(Crawled caption data)
++++++++

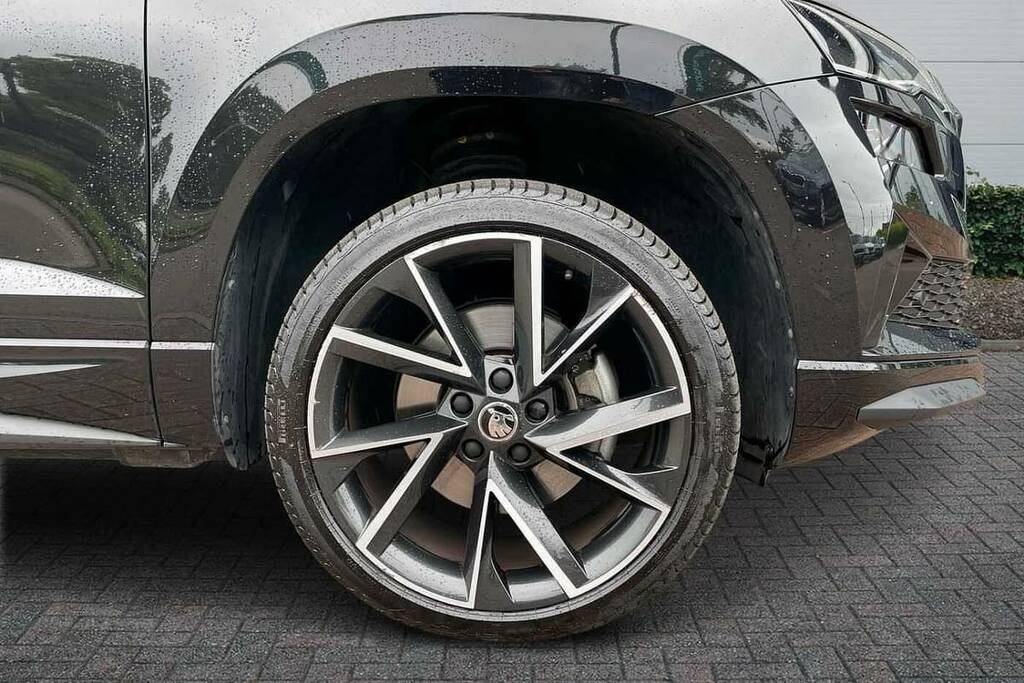Skoda Karoq 1.5 Tsi Sportline Dsg Black #5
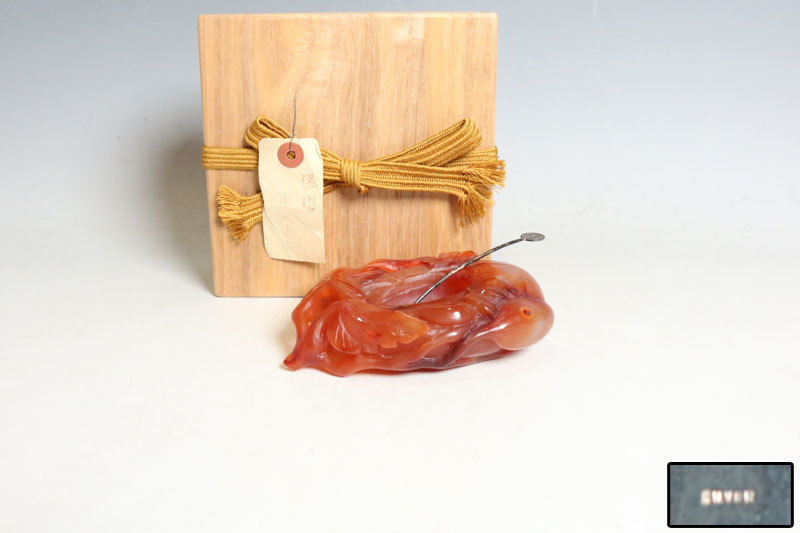 中国美術 玉石雕 瑪瑙花卉紋水盂 銀製匙 木箱附（R428） 【公式通販】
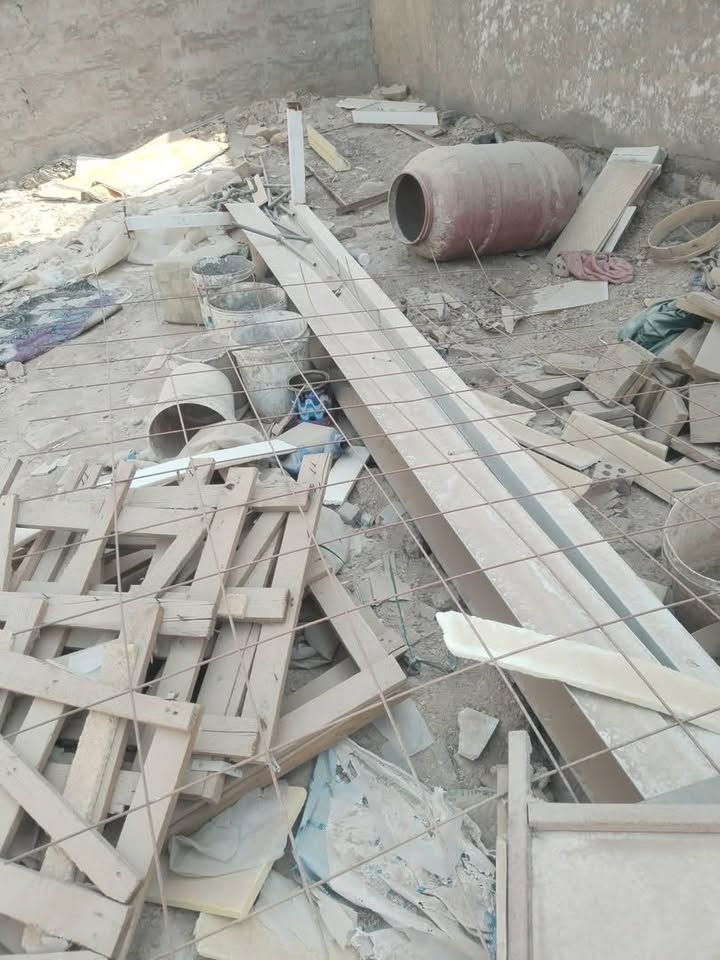 سقيفة كيسبان اللون ابيض ماروني 

الطول ستة متر 6m
العرض ثلاثة متر 3m

للاستفسار/*********** ☎️ 

مكانه /بابل/حله /نادر
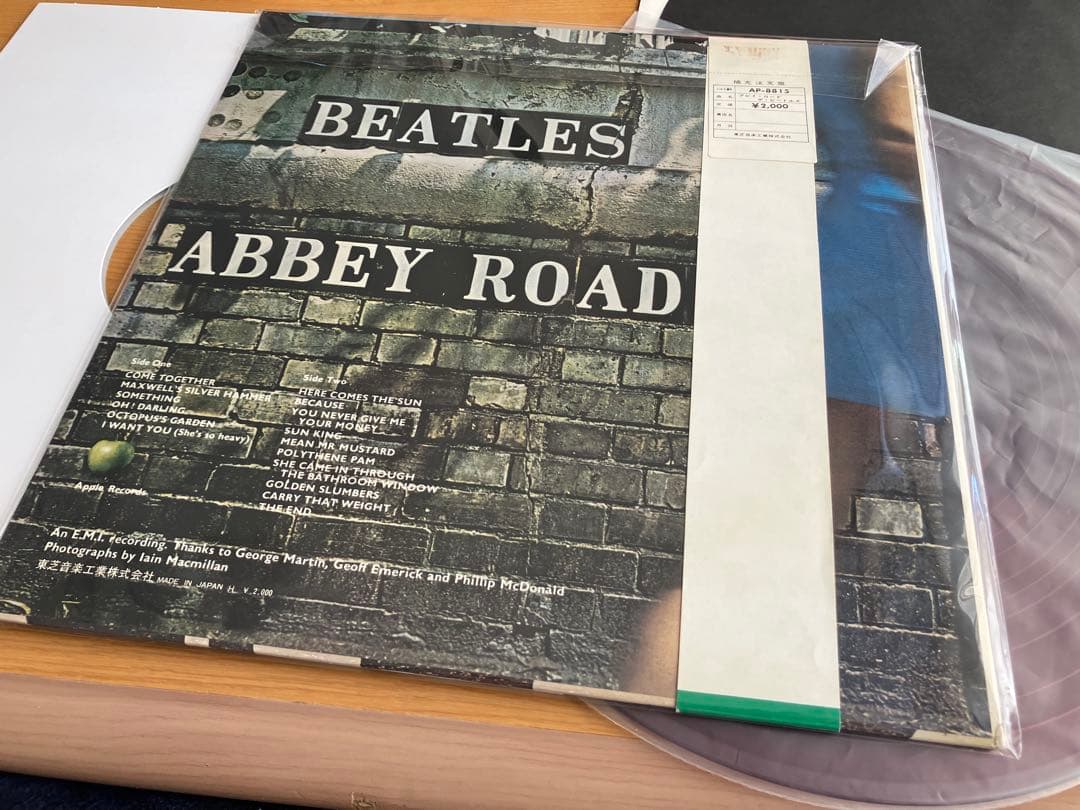 ミント赤盤ノーヒゲ 赤盤　アビーロード 歌詞もピン札の様です。　帯付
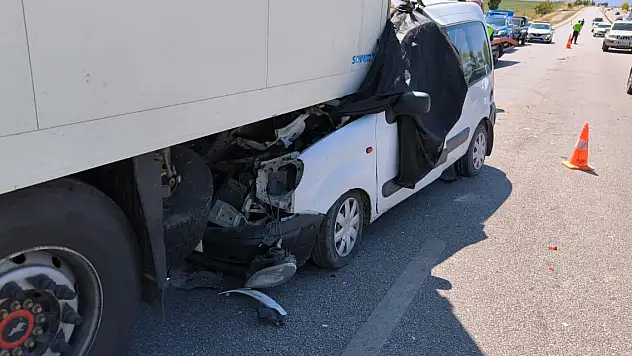 Tıra çarpan hafif ticari aracın sürücüsü öldü
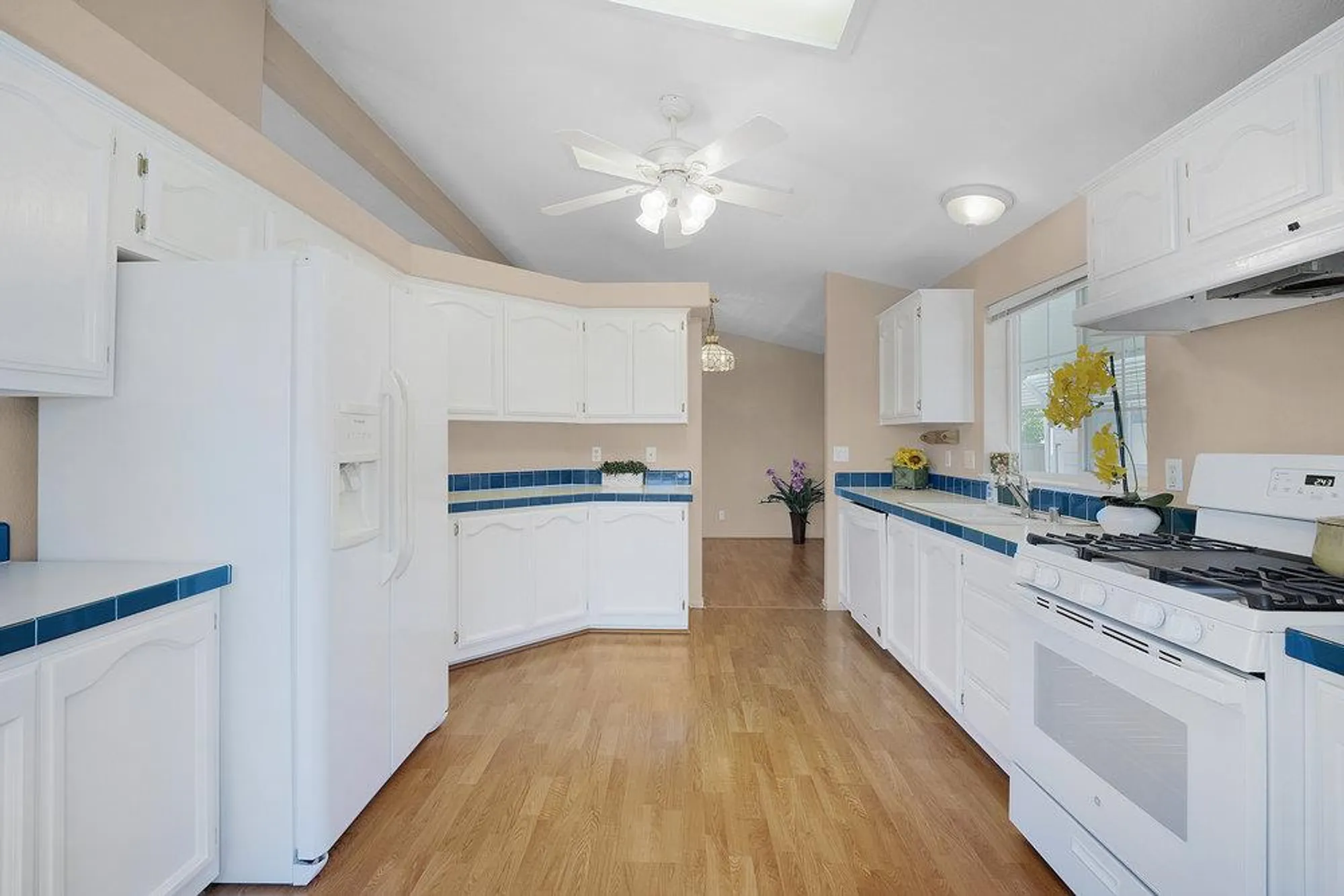 Property Slideshow image 10 of 31 | 97 melody ln # 97, Morgan Hill, CA, 95037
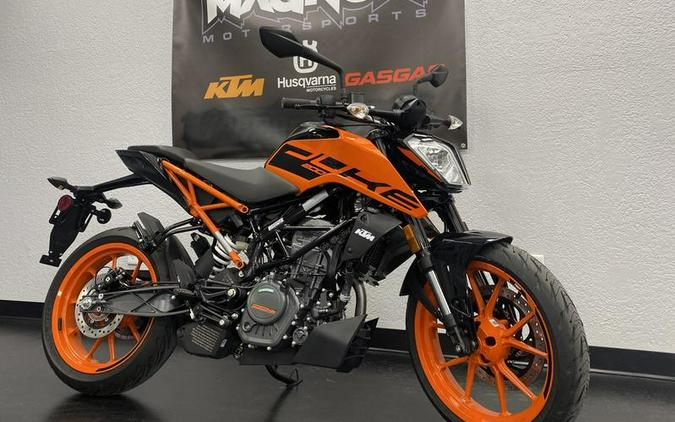 2023 KTM 200 Duke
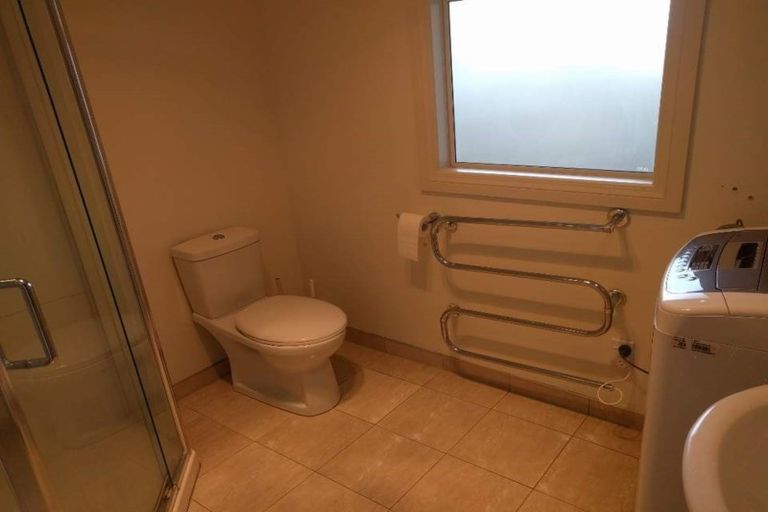 Photo of property in 25a Sycamore Drive, Sunnynook, Auckland, 0620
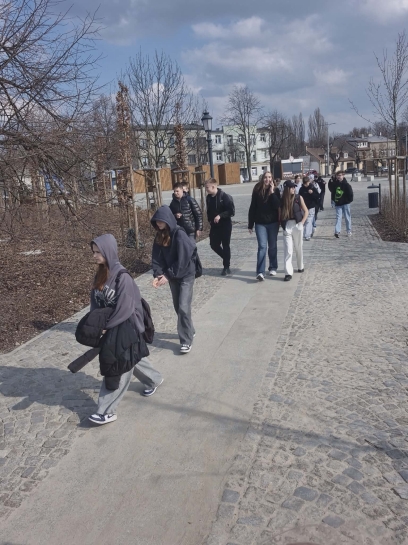 DZIE� KOBIET W KLASKIE 7D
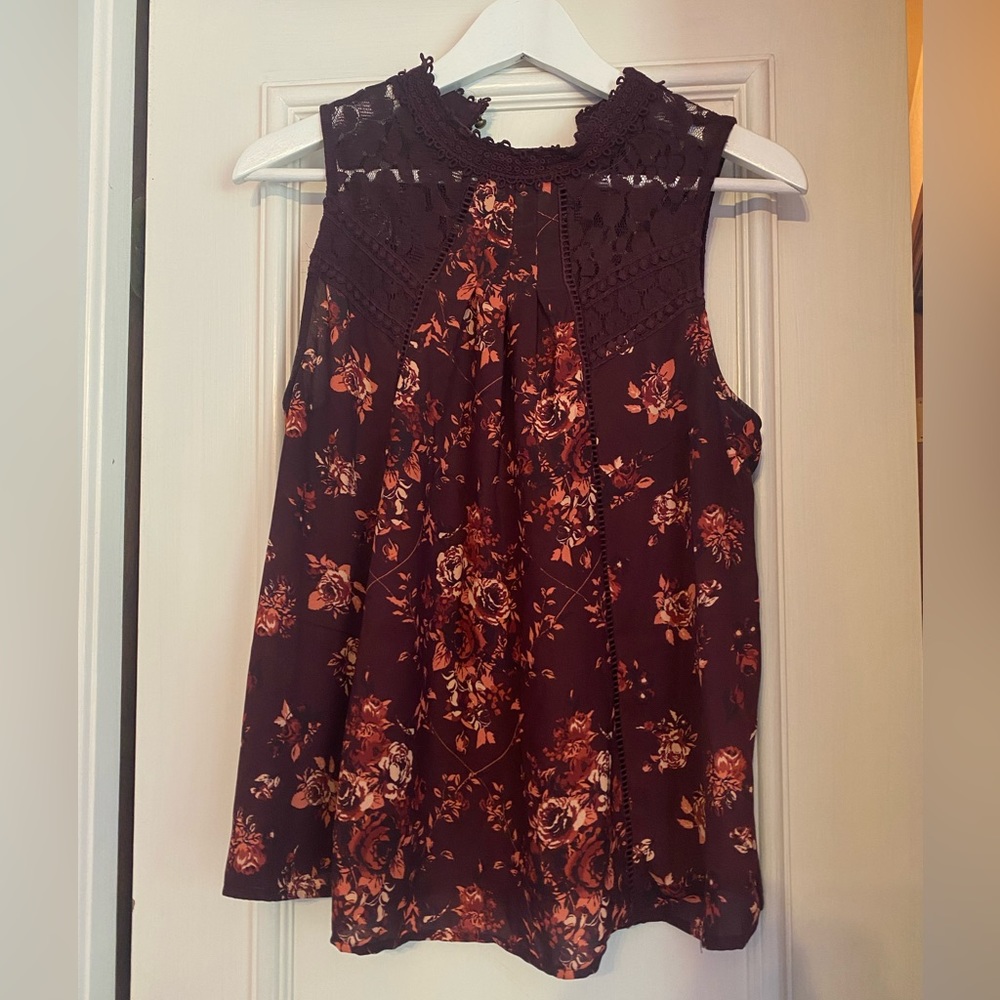 Floral tank blouse with lace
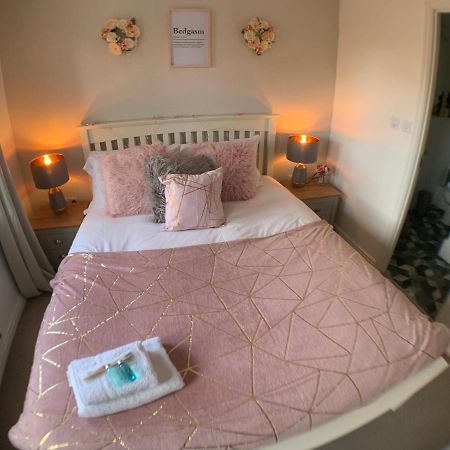 Villa Harpers Brook House, Netflix Tvs And Fast Wifi Corby Exterior foto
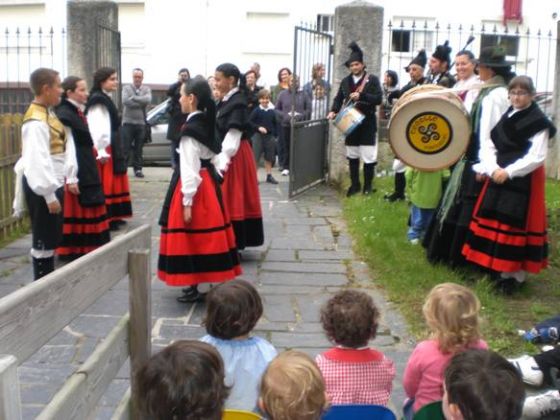 EN PONTEDEUME CELEBRAN EL DIA DE LAS LETRAS GALLEGAS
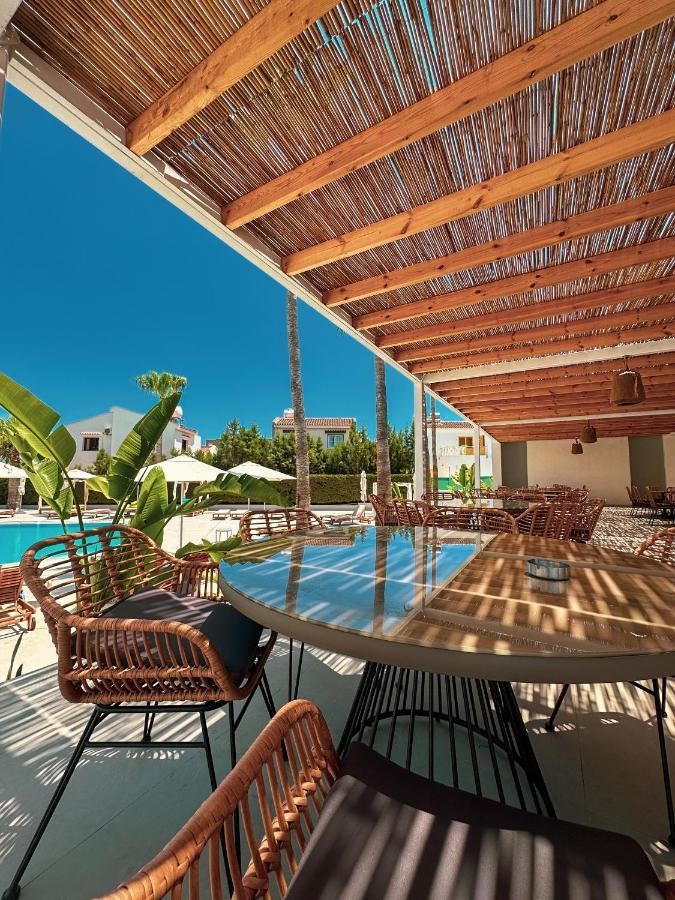 Toxotis Hotel Pernera Bagian luar foto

++++++++

-- Exercise aim --
Provide an exact copy of only the lines from the beginning of the entries through the line containing "2023 KTM 200 Duke", both ends included, with no pictures.

-- Written answer --
Skoda Karoq 1.5 Tsi Sportline Dsg Black #5
 中国美術 玉石雕 瑪瑙花卉紋水盂 銀製匙 木箱附（R428） 【公式通販】
 سقيفة كيسبان اللون ابيض ماروني 

الطول ستة متر 6m
العرض ثلاثة متر 3m

للاستفسار/*********** ☎️ 

مكانه /بابل/حله /نادر
 ミント赤盤ノーヒゲ 赤盤　アビーロード 歌詞もピン札の様です。　帯付
 Tıra çarpan hafif ticari aracın sürücüsü öldü
 Property Slideshow image 10 of 31 | 97 melody ln # 97, Morgan Hill, CA, 95037
 2023 KTM 200 Duke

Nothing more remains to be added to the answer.